Sanatın hatasızı makbuldür diye düşünülür fakat küçük kusurları olan eserler bana hep daha yakın gelmiştir. Büyük yönetmen Fellini’nin söylediği gibi, “İyi bir filmin kusurları olması gerekir, tıpkı hayat gibi, insanlar gibi…” Sözü birazcık değiştirebiliriz belki, iyi eserlerin kusurları olmalı. Kusursuzluk çoğu zaman sanat yapıtlarını fazla mekanik hale getirmiyor mu? Her satırda, her fırça darbesinde yahut mısrada “Aman hatasız ilerleyelim” endişesi bütün doğallığı yok etmiyor mu? Sanat endişenin bir kenara bırakılması ile en saf halini alıyor… Bir eser samimi ve derinlikli ise, hatalar ona bir de insani bir yan katmış oluyor, hepsi bu.
Türk edebiyatının en büyük eserlerinden saydığım Yaban’ı tekrar okurken aklım takıldı şu “kusur” meselesine… Romanın bir bölümünde Yakup Kadri, karakteri Ahmet Celal’e şunu dedirtiyor: “Şimdi başım iki ellerim arasında düşünüyorum.” Ama biz Ahmet Celal’in tek kolunun olmadığını biliyoruz, nasıl iki el? Acaba Yakup Kadri sadece bir an için karakterinin tek kolunun olmadığını unutmuş muydu?
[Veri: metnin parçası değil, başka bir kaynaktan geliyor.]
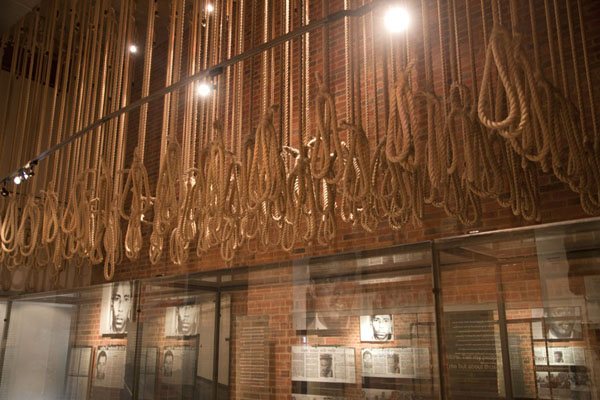 Picture of Apartheid Museum (South Africa): Ropes symbolizing the executions of political prisoners during the apartheid years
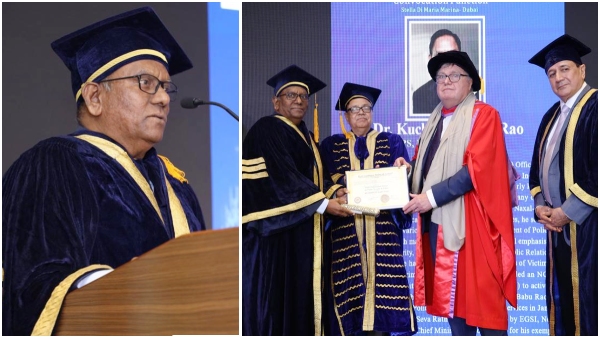 Retired DGP Babu rao honured with doctorate by france ecole supérieure university Retired DGP Babu rao honured with doctorate by france ecole supérieure university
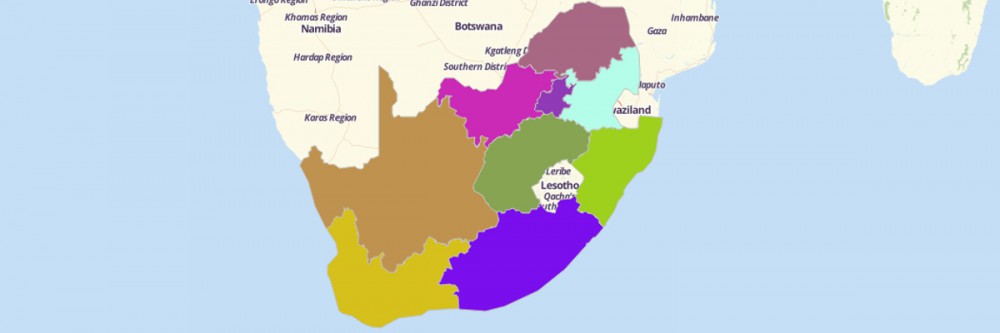 A color-coded South African provinces map from Mapline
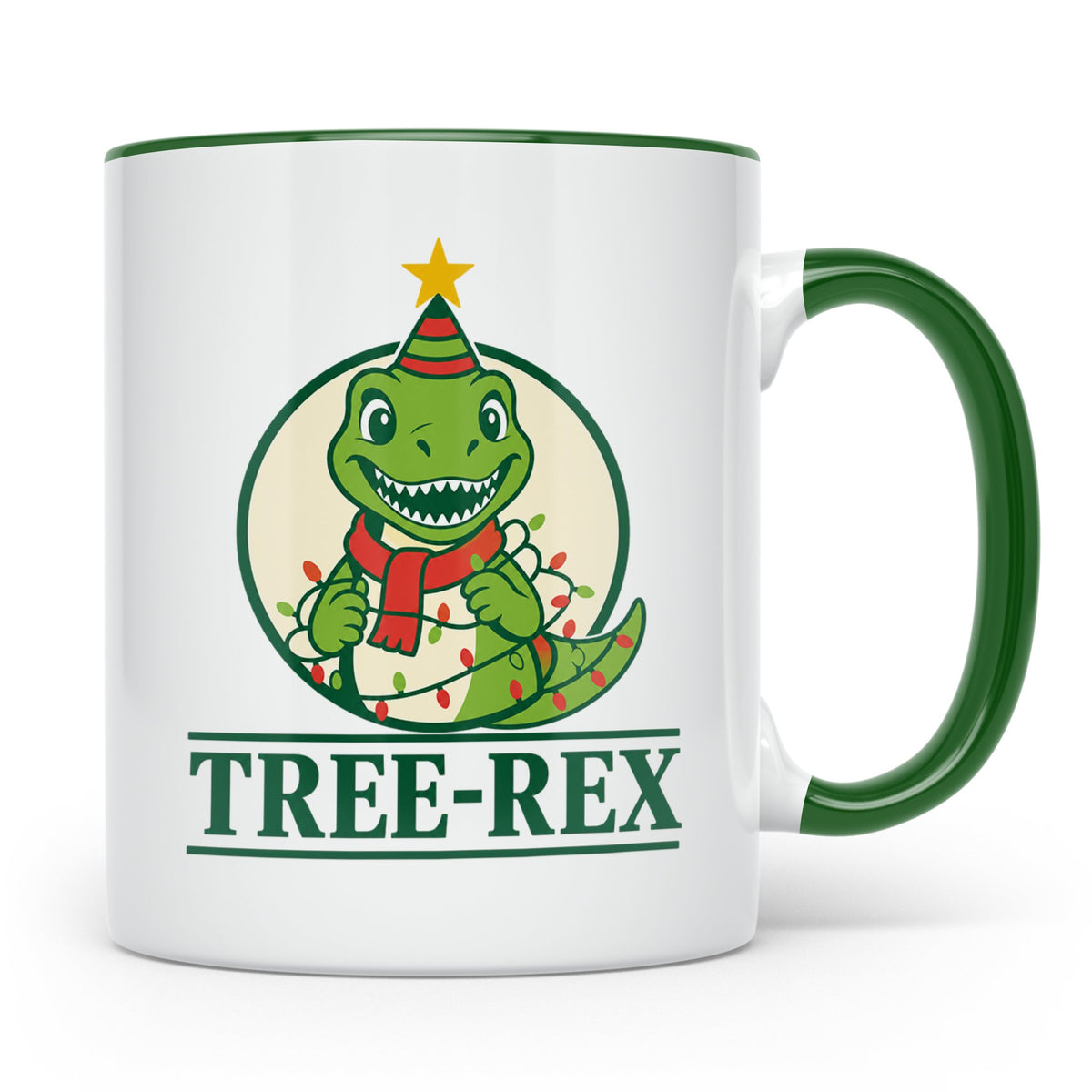 Tree-Rex Tasse lustig Dino Weihnachten, Dinosaurier mit Lich – Grün [farbe:grün]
Yoksa “iki elin arasına başını almak” edebi bir ifade olsun diye mi öyle yazılmıştı, kim bilir?
Milan Kundera da “Varolmanın Dayanılmaz Hafifliği” kitabında erkek kahramanına üşümesin diye sevgilisinin file çorabını giydirmemiş miydi? Sevgili, adamın karısına “Kocanın hayatındayım”ın işaretini gönderiyordu adeta, adamın karısı o file çorapla bazı şeyleri daha net anlamış olacaktı, en azından Kundera böyle uygun görmüştü. Peki file çorap nasıl olur da soğuk havada mecburen giyilecek bir şey olabiliyordu? File çorapla ısınmak mümkün mü sorusunu hanımlara bırakalım, Kundera’nın yarattığı dünyada ısıtıyormuş da diyebiliriz tabii… Geçelim…
Şiirimizde yok mudur peki, hem de çok… Feyza Hepçilingirler, Cumhuriyet’te yazmıştı; Yahya Kemal, Sessiz Gemi’sinde “Sallanmaz o kalkışta ne mendil ne de bir kol” demiyor muydu? Kol sallamak da neyin nesiydi? Barış Manço’nun “El salla, el salla/ Kol salla, kol salla” diye devam eden şarkısını bir kenara bırakırsak dilimizde bir veda anı için var mıdır böyle bir ifade? Ah şu kafiye zorunluluğu… Ancak tabii, Yahya Kemal sallattıysa, sallanır da diyebiliriz belki…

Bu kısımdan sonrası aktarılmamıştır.